Amelia stand wieder auf und ging mit energischen Schritten vor dem Kamin hin und her. Es wirkte ein wenig lächerlich, da sie viel zu klein war, um so aufgeregt auf und ab gehen zu können. Alles an ihr war klein, aber perfekt proportioniert, ganz im Gegensatz zu ihrem Vermögen, das groß genug war, um sie zu einer der begehrtesten Partien in Bath zu machen.
Durch Sarahs Miene darauf aufmerksam gemacht, dass sie albern wirkte, setzte sie sich stirnrunzelnd wieder hin. „Ich weiß, du denkst, dass ich mich zum Narren mache, Sarah, aber ich bin wirklich um dein Wohlergehen besorgt!“ Ihre Stimme hatte klein und verletzt geklungen. „Es wird dein Untergang sein, wenn du nach Blanchland fährst, ganz gleich, was du Gegenteiliges sagst!“
Sarah seufzte erneut. „Verzeih mir, Milly! Ich muss nach Blanchland. Frank hat mich darum gebeten …“
„Er ist seit drei Jahren tot!“, entgegnete Lady Amelia unbeirrt. „Meiner Ansicht nach ist es zu viel von dir verlangt, dass du seine Bitten auch noch nach seinem Tod erfüllst.“
Sarah dachte daran, dass ihre Cousine keine Ahnung hatte, wie viel Frank tatsächlich von ihr erwartete, und bemühte sich, sie zu beschwichtigen.

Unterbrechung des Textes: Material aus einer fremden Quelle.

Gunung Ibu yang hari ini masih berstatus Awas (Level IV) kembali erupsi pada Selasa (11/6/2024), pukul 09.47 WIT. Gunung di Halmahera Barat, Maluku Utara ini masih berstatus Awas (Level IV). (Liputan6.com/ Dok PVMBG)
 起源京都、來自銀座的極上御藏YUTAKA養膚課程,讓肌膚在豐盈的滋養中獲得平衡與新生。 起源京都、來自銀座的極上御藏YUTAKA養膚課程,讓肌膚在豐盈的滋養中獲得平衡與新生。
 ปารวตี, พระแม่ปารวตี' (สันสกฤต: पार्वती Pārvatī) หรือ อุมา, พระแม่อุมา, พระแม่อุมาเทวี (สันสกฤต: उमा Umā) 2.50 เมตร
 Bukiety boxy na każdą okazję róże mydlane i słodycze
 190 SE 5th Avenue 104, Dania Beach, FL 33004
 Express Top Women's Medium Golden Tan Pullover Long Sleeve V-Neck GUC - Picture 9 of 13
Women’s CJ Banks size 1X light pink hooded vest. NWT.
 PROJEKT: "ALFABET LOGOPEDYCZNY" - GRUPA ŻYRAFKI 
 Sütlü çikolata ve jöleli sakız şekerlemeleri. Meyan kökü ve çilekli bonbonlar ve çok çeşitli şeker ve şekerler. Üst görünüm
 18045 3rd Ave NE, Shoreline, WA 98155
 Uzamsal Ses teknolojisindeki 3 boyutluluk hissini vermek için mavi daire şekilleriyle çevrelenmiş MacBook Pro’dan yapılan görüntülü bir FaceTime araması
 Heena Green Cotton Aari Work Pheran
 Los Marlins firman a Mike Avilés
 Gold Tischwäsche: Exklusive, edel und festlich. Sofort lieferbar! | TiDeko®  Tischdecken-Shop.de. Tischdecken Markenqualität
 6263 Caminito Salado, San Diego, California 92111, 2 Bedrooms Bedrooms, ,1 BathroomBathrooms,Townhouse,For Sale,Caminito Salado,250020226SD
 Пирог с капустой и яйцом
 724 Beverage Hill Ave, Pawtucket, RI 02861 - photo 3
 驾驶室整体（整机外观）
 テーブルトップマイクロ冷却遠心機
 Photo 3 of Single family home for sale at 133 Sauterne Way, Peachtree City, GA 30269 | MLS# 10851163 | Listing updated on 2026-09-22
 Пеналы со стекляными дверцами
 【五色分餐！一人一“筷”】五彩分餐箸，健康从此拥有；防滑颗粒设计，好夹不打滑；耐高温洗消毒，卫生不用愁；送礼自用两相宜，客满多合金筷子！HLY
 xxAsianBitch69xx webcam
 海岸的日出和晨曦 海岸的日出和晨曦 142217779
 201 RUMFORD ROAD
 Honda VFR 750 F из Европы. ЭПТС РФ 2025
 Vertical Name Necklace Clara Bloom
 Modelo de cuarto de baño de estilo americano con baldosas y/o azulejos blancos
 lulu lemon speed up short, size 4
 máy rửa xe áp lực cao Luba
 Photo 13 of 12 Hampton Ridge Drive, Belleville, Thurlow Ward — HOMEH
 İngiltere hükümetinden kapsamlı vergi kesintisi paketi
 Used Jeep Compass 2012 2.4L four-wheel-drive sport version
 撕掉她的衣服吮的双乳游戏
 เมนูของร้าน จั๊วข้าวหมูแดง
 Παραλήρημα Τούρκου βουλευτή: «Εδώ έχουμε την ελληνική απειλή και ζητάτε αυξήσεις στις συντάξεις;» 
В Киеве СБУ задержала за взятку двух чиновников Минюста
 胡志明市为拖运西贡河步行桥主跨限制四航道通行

„Ich verspreche dir, dass ich nicht lange fort sein werde. Außerdem bin ich überzeugt, dass Sir Ralph wirklich nicht so schlimm ist wie …“
„Er hat Blanchland zum Inbegriff der Zügellosigkeit und Verkommenheit gemacht!“, entgegnete Amelia heftig. „Du weißt, dass es deinen Ruin bedeutet, wenn du diesen Auftrag ausführst! Was kann so wichtig sein, dass es dich zwingt, nach Blanchland zurückzukehren? Oh, ich könnte Frank umbringen, wäre er nicht schon tot!“
Sarah brach in Lachen aus. „Oh, Milly, ich wünsche mir ehrlich, ich könnte mich dir anvertrauen, aber ich habe geschworen, Schweigen zu bewahren! Es geht um eine sehr delikate Sache.“
„Unsinn!“, erwiderte Lady Amelia erbost. Sie schaute die Cousine an, und ihr Zorn verwandelte sich in Irritation. Sie konnte Sarah nie sehr lange böse sein.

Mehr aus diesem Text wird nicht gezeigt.